Contra view? Team Prashant Jain dips into purse to buy relatively smaller banking stocks

NEW DELHI: Team of fund managers led by Prashant Jain at HDFC Mutual Fund seems to have a different strategy as far as the banking and financial sector is concerned.

While most of the Street, including their peers at SBI Mutual Fund, is bullish on large private names, HDFC Mutual Fund loaded on relatively smaller names in February, data collated by East India Securities shows.

The money manager bought 20-80 lakh shares of Union Bank Of India, The Federal Bank, Indian Bank, Equitas Small Finance Bank and Bank of Baroda during the month.

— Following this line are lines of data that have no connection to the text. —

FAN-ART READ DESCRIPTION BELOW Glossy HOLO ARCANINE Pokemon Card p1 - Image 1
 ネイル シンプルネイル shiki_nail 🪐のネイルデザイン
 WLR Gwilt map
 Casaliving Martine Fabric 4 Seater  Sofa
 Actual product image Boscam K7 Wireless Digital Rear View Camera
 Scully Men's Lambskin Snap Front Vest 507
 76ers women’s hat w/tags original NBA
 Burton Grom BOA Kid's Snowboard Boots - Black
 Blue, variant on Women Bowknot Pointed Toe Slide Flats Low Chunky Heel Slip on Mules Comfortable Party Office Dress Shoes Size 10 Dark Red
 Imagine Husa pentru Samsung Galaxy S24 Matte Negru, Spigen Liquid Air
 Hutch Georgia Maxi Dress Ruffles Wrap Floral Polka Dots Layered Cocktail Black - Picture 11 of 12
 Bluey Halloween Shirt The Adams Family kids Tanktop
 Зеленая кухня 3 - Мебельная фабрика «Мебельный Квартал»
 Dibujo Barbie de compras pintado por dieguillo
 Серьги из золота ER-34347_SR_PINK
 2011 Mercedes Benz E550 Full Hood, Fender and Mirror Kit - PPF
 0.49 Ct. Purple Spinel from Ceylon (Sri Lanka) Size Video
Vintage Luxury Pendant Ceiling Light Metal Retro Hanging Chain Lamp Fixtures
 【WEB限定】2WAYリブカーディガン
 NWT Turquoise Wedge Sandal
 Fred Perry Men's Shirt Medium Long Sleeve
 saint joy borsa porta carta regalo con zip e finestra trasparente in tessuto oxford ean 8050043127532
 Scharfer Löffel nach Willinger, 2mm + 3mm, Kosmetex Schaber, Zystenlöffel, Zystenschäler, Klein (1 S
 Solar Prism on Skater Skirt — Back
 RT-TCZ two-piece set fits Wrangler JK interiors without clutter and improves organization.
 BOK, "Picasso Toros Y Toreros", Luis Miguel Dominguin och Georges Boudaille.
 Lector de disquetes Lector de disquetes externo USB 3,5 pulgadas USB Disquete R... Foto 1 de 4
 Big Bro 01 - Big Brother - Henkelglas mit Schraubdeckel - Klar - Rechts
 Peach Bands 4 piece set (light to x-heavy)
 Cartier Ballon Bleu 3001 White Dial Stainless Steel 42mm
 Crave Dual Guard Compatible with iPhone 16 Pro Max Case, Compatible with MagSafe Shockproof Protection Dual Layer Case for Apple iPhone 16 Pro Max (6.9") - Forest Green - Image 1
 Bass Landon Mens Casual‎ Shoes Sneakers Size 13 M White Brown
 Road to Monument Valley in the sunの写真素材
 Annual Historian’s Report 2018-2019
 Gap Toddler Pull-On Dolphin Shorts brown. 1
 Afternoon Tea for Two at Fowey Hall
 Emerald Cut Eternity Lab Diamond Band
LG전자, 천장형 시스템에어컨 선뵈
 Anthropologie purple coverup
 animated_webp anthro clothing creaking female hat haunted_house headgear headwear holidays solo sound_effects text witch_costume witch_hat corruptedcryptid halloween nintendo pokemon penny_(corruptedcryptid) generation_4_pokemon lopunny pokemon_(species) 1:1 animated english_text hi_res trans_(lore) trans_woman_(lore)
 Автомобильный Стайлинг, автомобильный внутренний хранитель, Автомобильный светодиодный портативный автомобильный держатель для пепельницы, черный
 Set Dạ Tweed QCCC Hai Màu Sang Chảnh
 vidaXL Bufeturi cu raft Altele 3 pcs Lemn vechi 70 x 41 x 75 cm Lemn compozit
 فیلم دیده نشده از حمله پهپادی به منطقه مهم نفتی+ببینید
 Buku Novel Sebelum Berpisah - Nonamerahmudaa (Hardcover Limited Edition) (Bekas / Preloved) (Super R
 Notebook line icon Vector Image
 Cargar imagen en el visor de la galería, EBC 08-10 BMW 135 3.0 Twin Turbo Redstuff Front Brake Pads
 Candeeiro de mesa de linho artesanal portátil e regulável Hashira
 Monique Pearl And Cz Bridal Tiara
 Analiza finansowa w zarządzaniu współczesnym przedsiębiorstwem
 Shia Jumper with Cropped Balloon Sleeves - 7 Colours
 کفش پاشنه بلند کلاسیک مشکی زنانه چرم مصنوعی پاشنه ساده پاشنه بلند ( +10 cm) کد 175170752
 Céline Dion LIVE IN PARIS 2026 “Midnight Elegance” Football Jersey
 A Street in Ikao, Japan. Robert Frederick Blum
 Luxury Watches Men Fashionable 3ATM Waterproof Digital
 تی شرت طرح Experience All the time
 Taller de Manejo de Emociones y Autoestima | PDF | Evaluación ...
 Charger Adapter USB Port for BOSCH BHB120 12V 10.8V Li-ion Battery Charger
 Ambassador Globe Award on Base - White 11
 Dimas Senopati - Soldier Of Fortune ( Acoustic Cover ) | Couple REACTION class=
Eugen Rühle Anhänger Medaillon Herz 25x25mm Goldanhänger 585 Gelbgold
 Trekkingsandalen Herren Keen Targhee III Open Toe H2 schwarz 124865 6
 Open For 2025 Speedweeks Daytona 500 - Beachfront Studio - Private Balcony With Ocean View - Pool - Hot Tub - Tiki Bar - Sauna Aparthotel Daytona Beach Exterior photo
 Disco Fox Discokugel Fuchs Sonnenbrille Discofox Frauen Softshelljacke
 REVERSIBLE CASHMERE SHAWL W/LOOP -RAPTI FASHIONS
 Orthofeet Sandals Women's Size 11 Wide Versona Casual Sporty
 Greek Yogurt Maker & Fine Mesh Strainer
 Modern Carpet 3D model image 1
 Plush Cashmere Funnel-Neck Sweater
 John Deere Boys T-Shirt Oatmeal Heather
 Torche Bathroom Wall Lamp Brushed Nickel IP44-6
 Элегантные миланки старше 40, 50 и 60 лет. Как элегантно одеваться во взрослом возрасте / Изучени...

Banking stocks have seen a lot of volatility in the last few months and concerns over rising inflation and a consequent interest rate hike. Amid such a scenario most analysts have been confident about the outperformance of large private banks like ICICI Bank and Axis Bank.

A source who is aware of the investment decisions at the fund house said some mid and smallcap funds have bought these names. “The idea was just to make the most of the market crash and pick such stocks at low prices,” the person said.

A spokesperson for HDFC Mutual Fund declined to comment.

The biggest worry for banks seems to be if the rising inflation will dent consumption in the country. “We have not seen aggressive loan growth recently that can cause high stress (in terms of NPA). However, we might see a slower pick-up in credit demand when borrowers weigh the benefit of putting fresh capex because a weak consumption cycle could limit demand,” said MB Mahesh of Kotak Securities.

Among other top buys for the HDFC fund managers were GAIL (India), Ashok Leyland, Zee Entertainment Enterprises, ITC and Gabriel India of which they bought 20-45 lakh shares.


Meanwhile, the fund house sold 10-67 lakh shares of Exide Industries, State Bank of India, Bharat Electronics, United Spirits, Carborundum Universal, Tata Steel and Zomato.

New-age tech stocks, including Zomato, have fallen out of favour with many fund houses and they are now trimming their stakes in them, cutting losses. Most of these stocks are trading down up to 70 per cent from their IPO prices.

Some of the buying and selling could also be because of adjustments in indices that are followed by passive funds.